Many thanks. Also first I heard about the 300 hour requirement. Much appreciated.


----------



## Smackdaddy53 (Dec 31, 2012)

Capnredfish said:


> Did you at least use Suzuki lube first?


Now that’s funny right there.


----------



## Flatsaholic (Apr 28, 2016)

Fritz said:


> Did you do the waterpump as well? I'm not seeing how the parts cost $180. I used one oil filter, a few new seals for lower unit plugs, engine and lower unit oil and some grease for the zircs, plus a cotter pin for the prop. Maybe $50 or $60, three new plugs would have been another $20, had I replaced them.


Fritz,

I bought the Suzuki 60hp maintenance kit.
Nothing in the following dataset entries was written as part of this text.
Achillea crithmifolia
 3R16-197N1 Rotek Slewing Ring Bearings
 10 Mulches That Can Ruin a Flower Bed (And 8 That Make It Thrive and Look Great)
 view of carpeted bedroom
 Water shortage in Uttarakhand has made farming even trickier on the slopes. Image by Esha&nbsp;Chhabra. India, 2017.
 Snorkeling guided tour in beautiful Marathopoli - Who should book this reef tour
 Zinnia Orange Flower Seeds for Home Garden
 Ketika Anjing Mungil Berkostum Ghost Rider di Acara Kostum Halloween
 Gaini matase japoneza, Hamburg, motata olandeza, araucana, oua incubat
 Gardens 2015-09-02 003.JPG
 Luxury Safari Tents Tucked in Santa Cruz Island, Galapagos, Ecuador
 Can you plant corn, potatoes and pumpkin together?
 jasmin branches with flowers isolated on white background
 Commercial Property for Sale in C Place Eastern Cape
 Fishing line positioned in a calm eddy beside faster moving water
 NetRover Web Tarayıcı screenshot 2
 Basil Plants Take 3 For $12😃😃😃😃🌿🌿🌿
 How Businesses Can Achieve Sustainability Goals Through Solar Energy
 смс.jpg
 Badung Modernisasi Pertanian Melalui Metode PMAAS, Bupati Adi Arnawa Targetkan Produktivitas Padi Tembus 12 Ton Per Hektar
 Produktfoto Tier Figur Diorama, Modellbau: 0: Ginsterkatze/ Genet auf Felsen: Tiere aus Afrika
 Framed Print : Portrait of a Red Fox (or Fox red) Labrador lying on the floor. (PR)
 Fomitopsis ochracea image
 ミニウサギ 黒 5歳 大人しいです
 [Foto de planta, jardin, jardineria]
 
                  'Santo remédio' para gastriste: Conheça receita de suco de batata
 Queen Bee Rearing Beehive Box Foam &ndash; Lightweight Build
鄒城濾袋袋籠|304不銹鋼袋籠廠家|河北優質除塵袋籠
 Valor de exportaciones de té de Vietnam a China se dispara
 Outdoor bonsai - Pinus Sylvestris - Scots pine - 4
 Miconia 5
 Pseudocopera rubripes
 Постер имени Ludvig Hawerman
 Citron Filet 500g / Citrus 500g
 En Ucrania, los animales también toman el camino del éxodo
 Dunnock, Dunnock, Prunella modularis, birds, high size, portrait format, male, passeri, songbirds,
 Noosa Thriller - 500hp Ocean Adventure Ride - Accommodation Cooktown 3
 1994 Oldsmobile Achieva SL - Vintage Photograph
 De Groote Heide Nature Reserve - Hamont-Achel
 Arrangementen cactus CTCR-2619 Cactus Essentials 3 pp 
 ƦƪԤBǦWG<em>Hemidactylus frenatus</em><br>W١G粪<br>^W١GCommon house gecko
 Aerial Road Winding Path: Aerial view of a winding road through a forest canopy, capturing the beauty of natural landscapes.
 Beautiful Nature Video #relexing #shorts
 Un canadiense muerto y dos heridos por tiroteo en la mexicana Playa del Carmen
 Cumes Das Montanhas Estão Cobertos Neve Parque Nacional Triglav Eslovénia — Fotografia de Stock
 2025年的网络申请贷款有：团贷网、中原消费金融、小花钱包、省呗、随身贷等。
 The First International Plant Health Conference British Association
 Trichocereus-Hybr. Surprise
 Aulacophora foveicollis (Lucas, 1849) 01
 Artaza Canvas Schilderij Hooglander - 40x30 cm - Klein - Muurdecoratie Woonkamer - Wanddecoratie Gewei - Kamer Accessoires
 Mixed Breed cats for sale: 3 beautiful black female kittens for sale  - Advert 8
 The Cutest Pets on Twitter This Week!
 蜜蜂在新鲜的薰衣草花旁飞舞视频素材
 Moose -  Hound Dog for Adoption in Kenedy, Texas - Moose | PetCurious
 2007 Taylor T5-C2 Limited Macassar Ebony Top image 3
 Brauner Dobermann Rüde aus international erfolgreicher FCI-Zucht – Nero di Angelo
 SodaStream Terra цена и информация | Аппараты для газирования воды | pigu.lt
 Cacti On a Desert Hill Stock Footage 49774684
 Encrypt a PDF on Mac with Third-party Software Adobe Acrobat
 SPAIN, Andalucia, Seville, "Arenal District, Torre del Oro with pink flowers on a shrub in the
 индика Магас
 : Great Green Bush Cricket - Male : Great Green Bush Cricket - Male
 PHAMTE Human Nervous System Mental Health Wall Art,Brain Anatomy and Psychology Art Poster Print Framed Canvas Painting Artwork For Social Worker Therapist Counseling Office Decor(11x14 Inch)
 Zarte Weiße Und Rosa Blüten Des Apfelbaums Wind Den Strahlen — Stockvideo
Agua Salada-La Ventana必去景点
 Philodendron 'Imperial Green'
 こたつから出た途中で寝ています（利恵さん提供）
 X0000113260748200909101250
That was around $100. Yes, I did replace the water pump. I replaced the spark plugs, water pump, engine and lower unit oil, gas filter, oil filter, and fuel water separator.


----------



## Smackdaddy53 (Dec 31, 2012)

Flatsaholic said:


> Fritz,
> 
> I bought the Suzuki 60hp maintenance kit. That was around $100. Yes, I did replace the water pump. I replaced the spark plugs, water pump, engine and lower unit oil, gas filter, oil filter, and fuel water separator.


Just the water pump kit for my Yamaha 70 2 stroke is about $100. Suzuki parts must be pretty cheap...


----------



## Heat_PCB (Jan 13, 2018)

Zuke water pump is $50 for my 60a

You mean that for an extra $2k price tag, I can get less performance, more weight, less warranty and more $$ parts? 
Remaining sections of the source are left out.